I could have also guessed that he would have made a last appearance in the Commons before visiting the Queen, resigning and letting Brown put up the road to Buckingham Palace and take the reigns

Now, strictly speaking, under the definition I was taught – and largely stick to – this isn’t ‘news’. Perhaps it could classify as ‘olds’ or the less catchy ‘something we already know about but happens to be occurring this instance’.

But here’s the paradox. Really, Blair leaving and Brown’s coronation isn’t news, but is still the biggest story of the day. But could broadcasters have covered it any differently? I honestly can’t answer that. At a local level, I think my newsroom did a good job [2]: a range of opinions from a range of people, all equally valid and interesting. I would have  tweaked bits and pieces and got in a couple more voices had I had time, but in my office it was a job well done, I hope.

But if I’d been working in a national newsroom, I can’t honestly think of how I’d have played it differently from all the national feeds I saw at various points during the day. Odd thing, broadcast news. It’s up to date, right up to the minute often, but is also stagnant because if nothing significant or new is happening, that’s what gets reported.

Things picked up a bit later in the day, when Brown took over as we moved into speculation of the cabinet, but I was left with a nagging sense of dissatisfaction at what I’d seen. The best coverage: probably The Times’ News blog [3], which I’ve only seen after the event[4].

[As an aside, Iain Dale is fuming about the BBC’s decision to go to Wimbledon coverage of Eastern European tennis players in the middle of PMQs, as act that makes me wonder if my old friend, Guardian music journalist and female tennis obsessive, Alex Macpherson, had temporarily been installed as programme controller at the BBC. The mind boggles. But frankly, I’d have rather have watched Wimbledon than PMQs. At least with the tennis you genuinely didn’t know what was going to happen]

But the other aspect of today’s coverage was broadly deferential, which troubled me. Even the most ardent Blairite would have difficulty denying that Tony’s not exactly loved by the whole of the country, and there are plenty of vociferous, and not-so-vociferous, critics of assorted policies.

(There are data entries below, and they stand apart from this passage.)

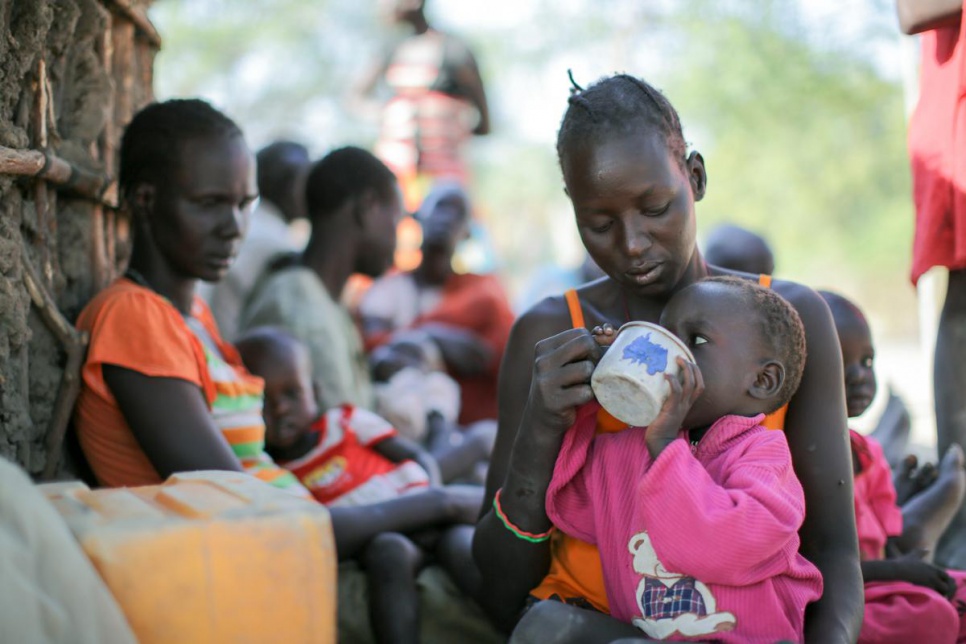 Two-year-old Nyanchau Teny drinks an infusion of neem tree leaves in Rumbek, South Sudan. Neem infusion is used to treat coughs, diarrhoea and vomiting.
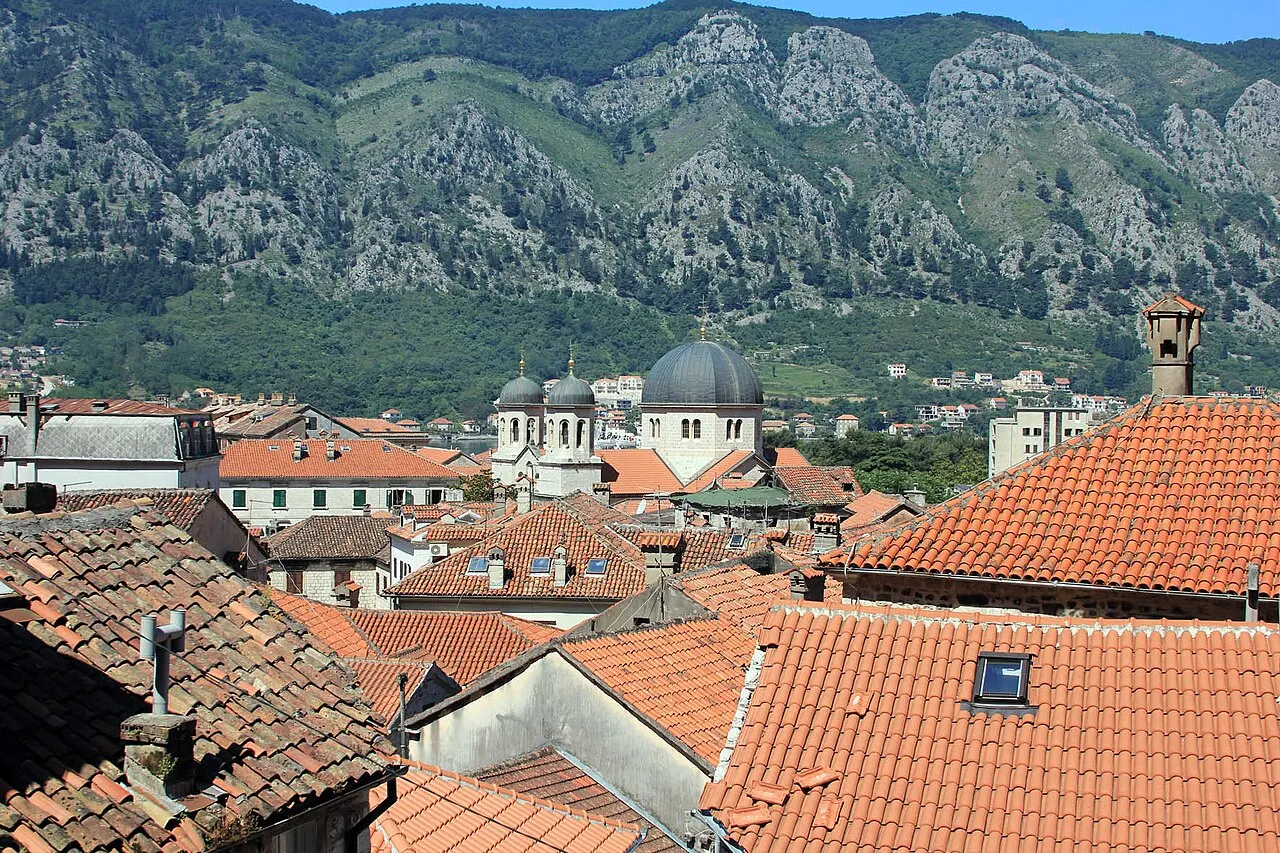 A wide view over the terracotta rooftops of Kotor Old Town with church domes and steep grey mountains rising behind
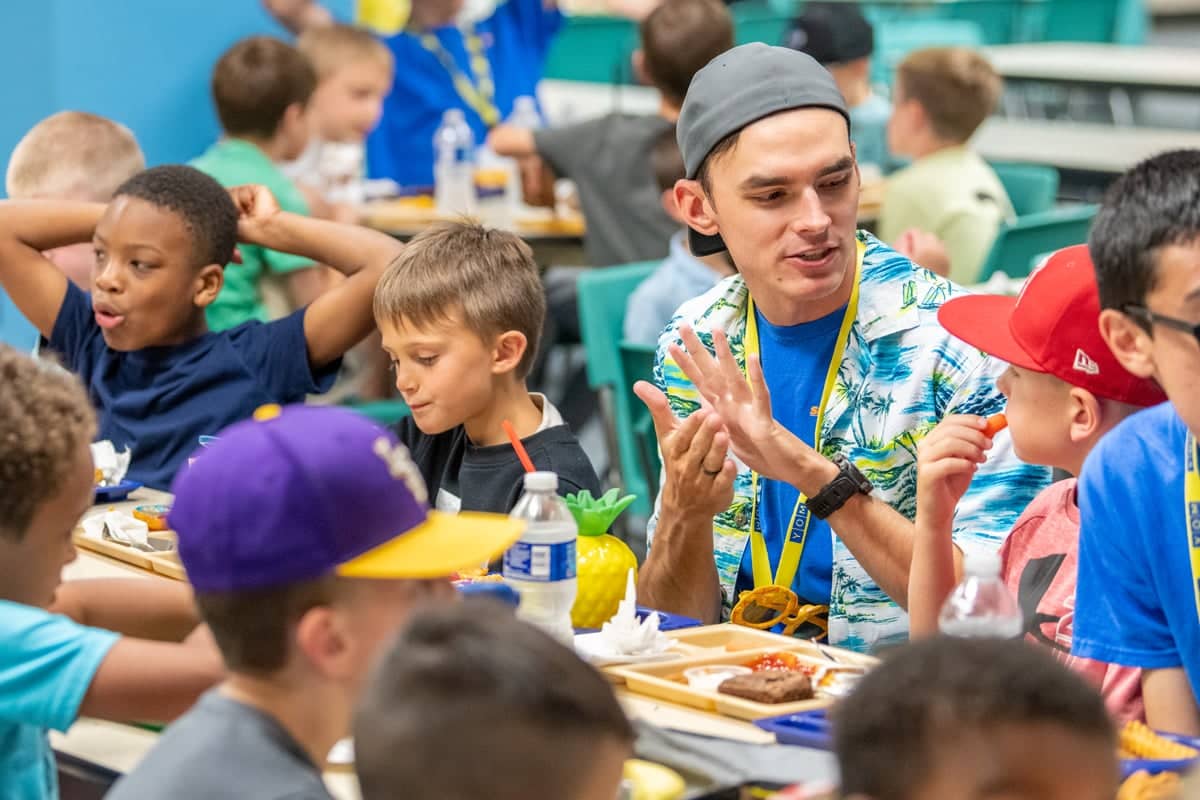 Sports Center Day Camp team leader talks with campers during their meal time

Yet we got Tony smiling and waving to the crowd. Tony getting an ovation in Parliament. Tony cheered by an adoring public as he popped into visit Mrs. Liz Windsor. Tony solemnly announcing his new job as Middle East envoy. You’d have thought he’d single-handedly solved every major issue at home and abroad during the last 10 years and rounded it off by rescuing a bag of drowning kittens on his last day in office. It’s as if Iraq and Cash For Lordships had never happened.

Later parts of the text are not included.